Two young boys, one reserved and one outgoing, become fast friends at elementary school in Kohei Kadowaki’s ambitious and thoughtful animated film We Are Aliens, forming a bond that will transform the lives of both, and not necessarily for the better. An enigmatic opening, in which a child’s voice is heard enquiring why the blood moon is red, followed by a taxi driver sitting alone in his car during a rainstorm, is an early indication that this story of a childhood friendship might be a little more mature than its protagonists. Sensitive and keenly observed, Kadowaki’s feature debut is an emotionally turbulent but engrossing character study that, despite its initial tone of tender wistfulness, remains true to life in its depiction of the complexity of human relationships.
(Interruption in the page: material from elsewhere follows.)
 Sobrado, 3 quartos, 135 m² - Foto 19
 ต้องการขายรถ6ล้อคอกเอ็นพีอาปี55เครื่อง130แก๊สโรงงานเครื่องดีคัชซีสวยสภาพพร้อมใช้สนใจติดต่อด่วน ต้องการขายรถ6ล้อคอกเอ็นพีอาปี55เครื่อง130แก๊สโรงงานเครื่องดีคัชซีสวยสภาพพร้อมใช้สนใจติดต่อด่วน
Tsubasa is a quiet kid, reticent to open up, whose only rebellious streak manifests in playing video games against his mother’s orders while home alone. Gyotaro is the opposite, boisterous and prone to innocent troublemaking, though still a top student at school. When he tentatively attempts to make friends with Tsubasa, the pairing could hardly seem less likely. But Tsubasa is in need of company, and the boys hit it off swiftly. Kadowaki is equally swift, though, barrelling through the years to chart key points in their shared story, and it’s not long before their differences, and the changes wrought upon both by the rapid development of childhood and adolescence, begin to cause serious fractures in their partnership.

Kadowaki first filters this through Tsubasa’s lens, wherein Gyotaro appears either as a joy or as a menace, both loveable and contemptible. In his imagination, his exuberant new friend is so bewilderingly strange and vibrant he might even be an alien, which is where the first cracks of their friendship begin to form. Tsubasa’s reserved nature turns more nihilistic, his patience for Gyotaro withers, and they start to grow apart. Then, Kadowaki switches his lens, and shares the story from Gyotaro’s perspective. Expectedly, he’s less of a terror here, only a misunderstood wild child with good intentions but poor execution. This kind of odd couple dynamic is a pretty familiar setup, but Kadowaki has enough original ideas, and a remarkable understanding of character development for someone new to feature filmmaking, that the movie feels fresh and unpredictable.

One such original idea is the manner in which Tsubasa’s section of the film is recontextualized through Gyotaro’s. Little of what we’ve already been shown is actually repeated (though what is repeated is of paramount significance): rather, we’re shown the kid that Tsubasa never got to see, or perhaps just forgot — the earnest, reflective, vulnerable side of him that appeared when they first met, then was quickly overwhelmed by extra-terrestrial conspiracies and jealous peer pressure. As the fractures increase in number and severity, sympathy is sewn for Gyotaro, who will come to suffer substantially more in the fallout. But Kadowaki’s conceit is never so narrow as to answer all its own questions — Gyotaro leads himself to believe that his former friend is the source of all the woes that would befall him into adulthood, just as Tsubasa shrugs off any suggestion of responsibility until it’s literally beaten out of him. The details of their painful separation are as important as the many other contextual details, like Gyotaro’s tumultuous family situation. Wisely, Kadowaki stresses that which his characters stress as important, leaving the peripheral details to sneak up on both the viewer and those characters as equally important.

Honing in on emotional experience as it does, We Are Aliens is a highly involving film. Action leads to reaction, but always after following the emotional path of these boys, later men, toward those reactions. Events inform thoughts and feelings, rather than directly informing other events, and the time-hopping structure, whose collage-like quality often obscures narrative clarity, places further emphasis on mental state over plot mechanics. The one major leap backward through time (when Kadowaki abandons Tsubasa’s story to tell Gyotaro’s) aside, We Are Aliens is almost entirely linear, yet its style, pace, and fondness for large temporal ellipses give it the timbre of memory. It’s as if the whole movie takes place inside the minds of these two boys — but, then, isn’t the mind where life takes place?

Enriching the movie further are the many beautiful little details, both momentous and casual: a close-up of a wooden umbrella handle splintering as it slides against a wooden beam; Tsubasa’s feet skidding a little as he descends a concrete river bank; the sight of a fingerprint as it picks up a grain of rice; a small, single bubble emerging from an empty soap dispenser. The depth of thought that has evidently gone into the particulars of every frame of We Are Aliens is testament to its excellence, to the sensitivity of a director who has seemingly cut no corners in realizing his vision. This is a smart, affecting, complex, and deeply rewarding movie.